The Case Against Buying Sprint Nextel
Shares of Sprint Nextel rallied after the British newspaper said Deutsche Telekom may submit an offer "within the next few weeks." If a bid comes in and the merger goes through, the combined company would have as many as 82.3 million subscribers, and may become the No. 2 player in the U.S. wireless market, behind Verizon Wireless and ahead of AT&T (T). By banding together, Sprint Nextel and T-Mobile USA may find it easier to defend themselves against rivals.
Yet, there are a lot of ifs related to this potential deal, and the optimism lifting Sprint stock may be premature. Analysts question whether Deutsche Telekom can swing the purchase financially, regulators may not give their assent to a deal, and the two companies operate incompatible technologies that would make integrating operations a bear. "It would be a tough road" to travel, says Charles Golvin, a principal analyst at consultant Forrester Research (FORR).
FTC Could Block Deal Although Sprint has become cheaper in recent years amid dimming financial prospects, Deutsche Telekom may still struggle to finance the purchase. Sprint Nextel may hold out for as much as $5.50 a share, or $15.84 billion, says Michael Nelson, an analyst at Nelson Alpha Research. But in an effort to avoid overextending itself, Deutsche Telekom may not be able raise more than $14.6 billion, says Phil Cusick, an analyst at Macquarie Research. On Sept. 14, Sprint Nextel stock jumped 10%, to 4.15, while Deutsche Telekom slipped 1.15% in Germany (its ADRs on the New York Stock Exchange slipped 8¢, or 0.58%, to 13.79).
Deutsche Telekom's decision to merge its British division, T-Mobile U.K., with the local affiliate of Orange in early September fueled speculation a similar overhaul may be in the offing in the U.S.
But U.S. antitrust regulators may not quickly green-light a merger. The U.S. wireless industry is already highly concentrated, with two players—Verizon Wireless and AT&T—controlling 62% of all wireless subscribers. Together, Sprint Nextel and T-Mobile would have about 30% of the total. From 1996 to 2005, the Federal Trade Commission blocked 16 of 20 mergers in cases where industry concentration was at comparable levels, Craig Moffett, a senior Sanford C. Bernstein analyst, wrote in a Sept. 14 report.
Spin-offs May Be Required To win approval, the companies may be forced to make concessions, such as selling or spinning off operations that cater to as many as 12 million subscribers, Nelson estimates. As a foreign acquirer, Deutsche Telekom would also be subject to an exacting review by the Committee on Foreign Investment in the U.S., which examines foreign purchases to ensure they don't diminish national security.

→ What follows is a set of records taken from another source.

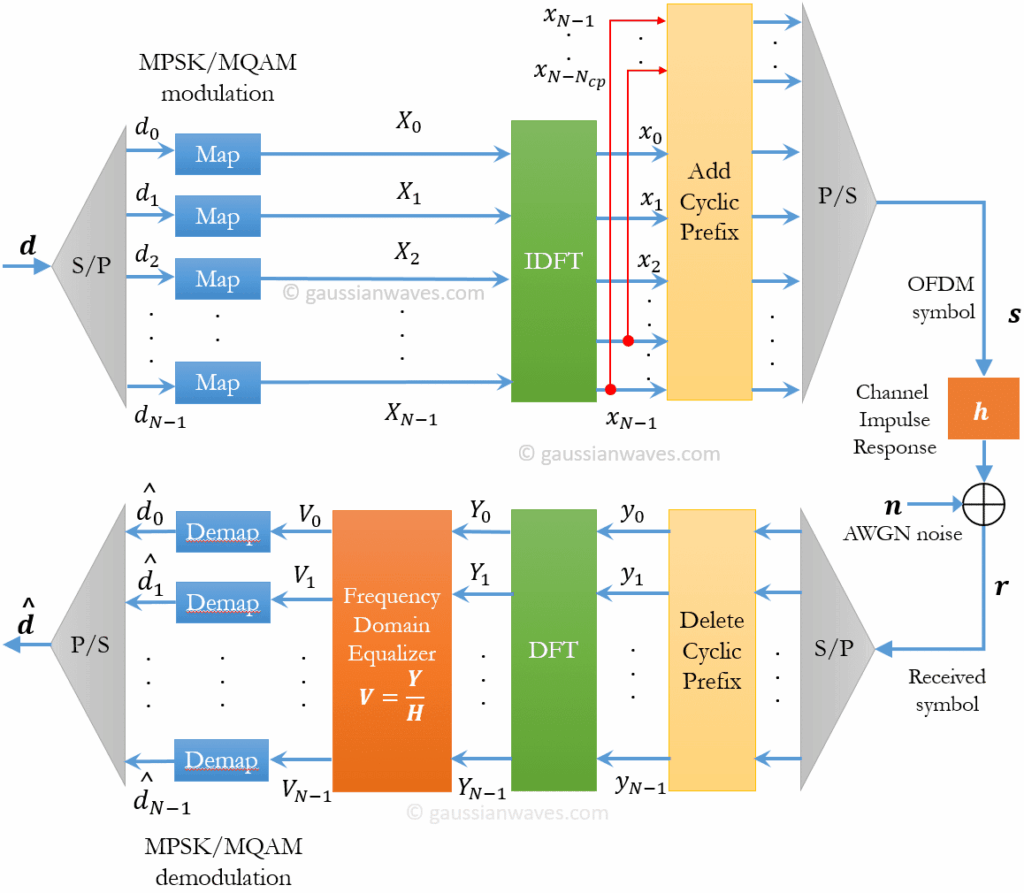 OFDM simulation performance in AWGN channel GaussianWaves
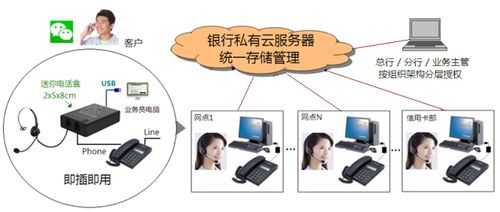 西宁电话外呼系统业务（西宁呼叫中心最新招聘信息）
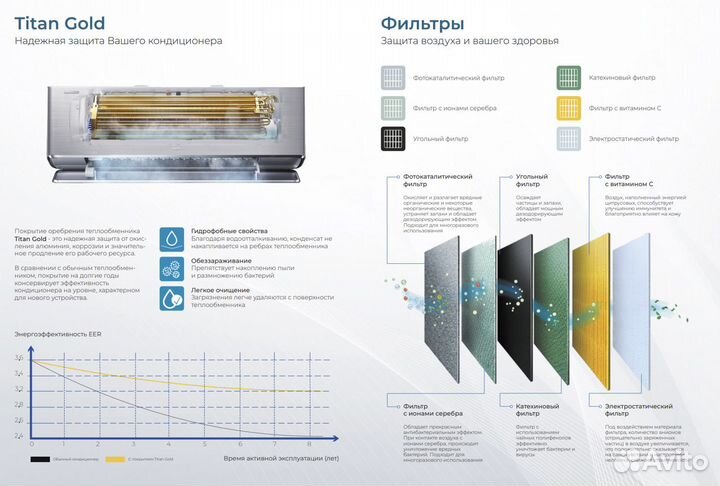 Кондиционеры Electrolux TCL royal c притоком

Then there's the matter of combining the two companies' incompatible networks. The two companies use a total of three different incompatible wireless technologies and T-Mobile has been a laggard in migrating to so-called 3G wireless technology, capable of helping users download information from the Web at higher speeds. Getting both companies on the same technological page would make it harder to achieve hoped-for cost benefits of a deal.
There's little doubt that the companies need avenues for growth. In the quarter that ended June 30, Sprint lost 257,000 subscribers and $384 million. While it's still adding subscribers, T-Mobile's user growth has slowed significantly and sales for the June quarter declined 2.3%, to $5.34 billion. "Our mobile communications business in the USA generates a mixed picture," Deutsche Telekom CEO René Obermann said at a conference in August.
Too bad a combination with Sprint may do little to make the picture clearer.